|Department of Public Information • News and Media Division • New York|
Composite Entity for Gender Equality, Women’s Empowerment Is Historic Chance
to Ensure Strong Voice for Women in Global Governance, Policymaking
Following is the text of Deputy Secretary-General Asha-Rose Migiro’s remarks, in the Commission on the Status Women, to the expert panel in preparation for the Economic and Social Council ministerial review on implementing internationally agreed goals and commitments on gender equality and empowerment of women, today in New York:
I am pleased to join you. Gender equality and the empowerment of women are essential parts of the United Nations development agenda.
Equal development for all means more determined efforts to reach long-standing international commitments.
Evaluated against the Beijing Platform for Action and the outcome of the twenty-third special session of the General Assembly, there are important signs that we are proceeding in the right direction.
There has been progress in women’s and girls’ education.
There have been some increases in the participation of women in the labour market and in decision-making positions.
The recent report of the Secretary-General, submitted to the Commission on the Status of Women, contains more such examples. But it also emphasizes that Member States need to accelerate progress.
Sustainable development and the Millennium Development Goals cannot be achieved without significant progress to eliminate violence against women and realize women’s rights.
Women and girls still face discrimination and disadvantage socially, economically and politically.
But, as we will hear during this panel discussion, good practices and initiatives exist that can be scaled-up and replicated in many areas.
For example, many countries recognize that women are more likely to be living in poverty and have increased social safety nets, often as part of larger poverty reduction efforts to reduce women’s vulnerability to poverty or move them out of poverty.
Progress is being made towards gender parity in primary schooling, and in some countries women outnumber men in tertiary education.
On the other hand, females represent two thirds of the world’s illiterate people.

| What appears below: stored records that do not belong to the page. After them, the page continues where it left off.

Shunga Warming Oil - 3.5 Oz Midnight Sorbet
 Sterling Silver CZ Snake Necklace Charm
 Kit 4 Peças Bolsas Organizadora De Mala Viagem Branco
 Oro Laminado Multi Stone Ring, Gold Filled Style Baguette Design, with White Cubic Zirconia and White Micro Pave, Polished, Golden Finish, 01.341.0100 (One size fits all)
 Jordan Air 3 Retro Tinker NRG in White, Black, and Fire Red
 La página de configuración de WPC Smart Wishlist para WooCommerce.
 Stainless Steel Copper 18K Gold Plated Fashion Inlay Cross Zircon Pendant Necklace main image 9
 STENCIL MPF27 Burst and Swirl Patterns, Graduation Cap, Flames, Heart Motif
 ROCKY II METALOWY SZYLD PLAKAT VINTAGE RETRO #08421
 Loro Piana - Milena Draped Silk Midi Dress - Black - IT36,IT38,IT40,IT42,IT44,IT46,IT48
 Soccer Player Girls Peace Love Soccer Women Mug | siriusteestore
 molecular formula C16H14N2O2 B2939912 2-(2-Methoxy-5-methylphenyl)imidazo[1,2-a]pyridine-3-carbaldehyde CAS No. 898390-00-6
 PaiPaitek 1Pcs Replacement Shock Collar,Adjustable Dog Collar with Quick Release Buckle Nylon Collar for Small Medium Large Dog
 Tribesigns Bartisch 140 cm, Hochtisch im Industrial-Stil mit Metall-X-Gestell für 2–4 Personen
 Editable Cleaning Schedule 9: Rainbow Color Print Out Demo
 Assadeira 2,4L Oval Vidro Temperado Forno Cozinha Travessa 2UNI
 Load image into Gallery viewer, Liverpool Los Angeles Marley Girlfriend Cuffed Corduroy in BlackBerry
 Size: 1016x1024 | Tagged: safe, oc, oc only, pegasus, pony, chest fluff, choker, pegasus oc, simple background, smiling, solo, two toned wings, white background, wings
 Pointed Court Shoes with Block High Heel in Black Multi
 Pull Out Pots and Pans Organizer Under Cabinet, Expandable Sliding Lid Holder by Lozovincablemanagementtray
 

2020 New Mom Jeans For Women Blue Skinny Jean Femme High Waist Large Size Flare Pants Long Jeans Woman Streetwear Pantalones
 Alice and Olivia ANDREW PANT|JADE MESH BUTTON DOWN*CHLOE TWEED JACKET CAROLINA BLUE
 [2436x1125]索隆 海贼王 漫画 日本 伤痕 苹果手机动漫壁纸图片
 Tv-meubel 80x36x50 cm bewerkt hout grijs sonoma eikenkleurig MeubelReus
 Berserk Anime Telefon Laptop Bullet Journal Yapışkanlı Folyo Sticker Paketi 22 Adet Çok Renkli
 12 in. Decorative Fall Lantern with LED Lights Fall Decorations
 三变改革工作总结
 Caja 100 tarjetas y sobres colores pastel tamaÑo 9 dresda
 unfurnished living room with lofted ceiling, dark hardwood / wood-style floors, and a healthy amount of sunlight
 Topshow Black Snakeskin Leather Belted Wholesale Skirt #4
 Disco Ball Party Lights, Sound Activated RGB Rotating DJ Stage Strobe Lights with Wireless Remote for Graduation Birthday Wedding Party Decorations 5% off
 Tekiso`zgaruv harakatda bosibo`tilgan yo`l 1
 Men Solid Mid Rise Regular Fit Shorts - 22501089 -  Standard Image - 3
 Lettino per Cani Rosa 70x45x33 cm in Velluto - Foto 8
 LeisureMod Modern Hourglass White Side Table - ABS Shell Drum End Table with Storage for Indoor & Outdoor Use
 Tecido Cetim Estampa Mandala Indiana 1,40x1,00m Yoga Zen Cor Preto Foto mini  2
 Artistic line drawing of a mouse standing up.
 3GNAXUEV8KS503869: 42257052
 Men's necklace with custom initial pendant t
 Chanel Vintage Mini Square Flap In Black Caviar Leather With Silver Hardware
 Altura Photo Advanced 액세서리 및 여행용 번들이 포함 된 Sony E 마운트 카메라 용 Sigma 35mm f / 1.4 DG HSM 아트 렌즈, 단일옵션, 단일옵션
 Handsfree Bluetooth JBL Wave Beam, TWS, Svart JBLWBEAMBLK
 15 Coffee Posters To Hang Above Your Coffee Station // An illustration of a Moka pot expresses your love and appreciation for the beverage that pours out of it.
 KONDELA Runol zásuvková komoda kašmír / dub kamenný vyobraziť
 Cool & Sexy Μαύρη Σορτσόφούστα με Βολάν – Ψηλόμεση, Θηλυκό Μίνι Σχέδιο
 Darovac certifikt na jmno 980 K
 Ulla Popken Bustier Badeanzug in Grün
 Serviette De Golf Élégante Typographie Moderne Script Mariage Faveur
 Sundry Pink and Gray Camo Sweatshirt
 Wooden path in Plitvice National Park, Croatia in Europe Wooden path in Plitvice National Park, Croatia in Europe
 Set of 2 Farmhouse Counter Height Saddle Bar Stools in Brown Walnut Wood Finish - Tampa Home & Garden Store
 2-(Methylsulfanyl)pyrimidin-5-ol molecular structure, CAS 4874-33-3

Conditional cash transfer programmes that provide incentives for attendance in education are among the strategies that countries are employing to change this.
We must use the lessons from these programmes to design and implement the next generation of policies that combine even greater incentives for education with smarter strategies to eliminate gender stereotypes.
We must also address the injustice that women still lack equal access to decision-making in society.
Only 25 countries have more than 30 per cent women representatives in national parliaments.
Quotas for women have been useful, but countries must also show innovation in applying strategies and targets for women’s participation in all areas of decision-making in the public and private sectors.
Women must have a far greater role in the resolution of armed conflicts and peacebuilding. They must be fully included in the post-conflict development of Governments, institutions and civil society.
I also welcome the support of the General Assembly to establish a strong composite entity within the United Nations for gender equality and the empowerment of women.
This is an historic opportunity to ensure that women have a stronger voice in global governance and policymaking.
It will strengthen accountability across the United Nations system for gender mainstreaming and women’s empowerment.
This is an end in itself, as well as a means of accelerating growth and development.
When women and girls have the same freedoms and rights as men and boys, we will have more stable economies and stronger more peaceful societies.
I wish you every success in your discussions.